Top of Materials provided

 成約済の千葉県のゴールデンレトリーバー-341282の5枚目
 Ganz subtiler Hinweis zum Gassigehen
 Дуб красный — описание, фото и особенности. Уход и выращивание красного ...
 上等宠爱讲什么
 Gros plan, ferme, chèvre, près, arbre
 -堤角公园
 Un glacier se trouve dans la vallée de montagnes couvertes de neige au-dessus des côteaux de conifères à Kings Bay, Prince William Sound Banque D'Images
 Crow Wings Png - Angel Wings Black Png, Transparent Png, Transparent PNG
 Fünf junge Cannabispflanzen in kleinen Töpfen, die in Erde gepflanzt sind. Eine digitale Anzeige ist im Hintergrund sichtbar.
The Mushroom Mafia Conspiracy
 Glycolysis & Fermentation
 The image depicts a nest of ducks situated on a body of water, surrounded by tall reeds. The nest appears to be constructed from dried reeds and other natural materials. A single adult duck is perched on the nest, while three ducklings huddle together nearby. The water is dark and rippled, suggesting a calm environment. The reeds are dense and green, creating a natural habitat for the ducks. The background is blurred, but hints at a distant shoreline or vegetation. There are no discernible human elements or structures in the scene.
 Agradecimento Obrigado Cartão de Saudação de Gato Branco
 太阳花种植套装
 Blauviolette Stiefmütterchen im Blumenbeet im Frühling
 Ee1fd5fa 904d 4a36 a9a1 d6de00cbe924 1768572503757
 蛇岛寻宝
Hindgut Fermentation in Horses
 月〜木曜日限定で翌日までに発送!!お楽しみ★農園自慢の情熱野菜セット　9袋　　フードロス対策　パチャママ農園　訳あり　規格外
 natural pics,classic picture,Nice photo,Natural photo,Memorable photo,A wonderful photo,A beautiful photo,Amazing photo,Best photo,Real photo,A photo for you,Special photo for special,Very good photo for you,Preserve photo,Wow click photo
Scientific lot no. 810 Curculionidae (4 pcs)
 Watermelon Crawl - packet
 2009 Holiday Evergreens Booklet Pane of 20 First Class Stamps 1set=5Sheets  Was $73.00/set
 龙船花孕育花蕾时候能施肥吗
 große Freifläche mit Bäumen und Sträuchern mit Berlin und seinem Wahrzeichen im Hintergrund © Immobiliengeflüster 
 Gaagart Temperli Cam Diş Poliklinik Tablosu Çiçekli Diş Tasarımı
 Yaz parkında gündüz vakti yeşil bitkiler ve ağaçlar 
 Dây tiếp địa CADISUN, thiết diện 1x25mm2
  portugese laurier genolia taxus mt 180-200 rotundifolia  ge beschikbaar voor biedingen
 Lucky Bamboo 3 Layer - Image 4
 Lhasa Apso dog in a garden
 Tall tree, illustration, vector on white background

Bottom of Materials provided

What to work on →
Up to and including the line with "Glycolysis & Fermentation", restate the records above word for word from the very first line.

Expected answer →
 成約済の千葉県のゴールデンレトリーバー-341282の5枚目
 Ganz subtiler Hinweis zum Gassigehen
 Дуб красный — описание, фото и особенности. Уход и выращивание красного ...
 上等宠爱讲什么
 Gros plan, ferme, chèvre, près, arbre
 -堤角公园
 Un glacier se trouve dans la vallée de montagnes couvertes de neige au-dessus des côteaux de conifères à Kings Bay, Prince William Sound Banque D'Images
 Crow Wings Png - Angel Wings Black Png, Transparent Png, Transparent PNG
 Fünf junge Cannabispflanzen in kleinen Töpfen, die in Erde gepflanzt sind. Eine digitale Anzeige ist im Hintergrund sichtbar.
The Mushroom Mafia Conspiracy
 Glycolysis & Fermentation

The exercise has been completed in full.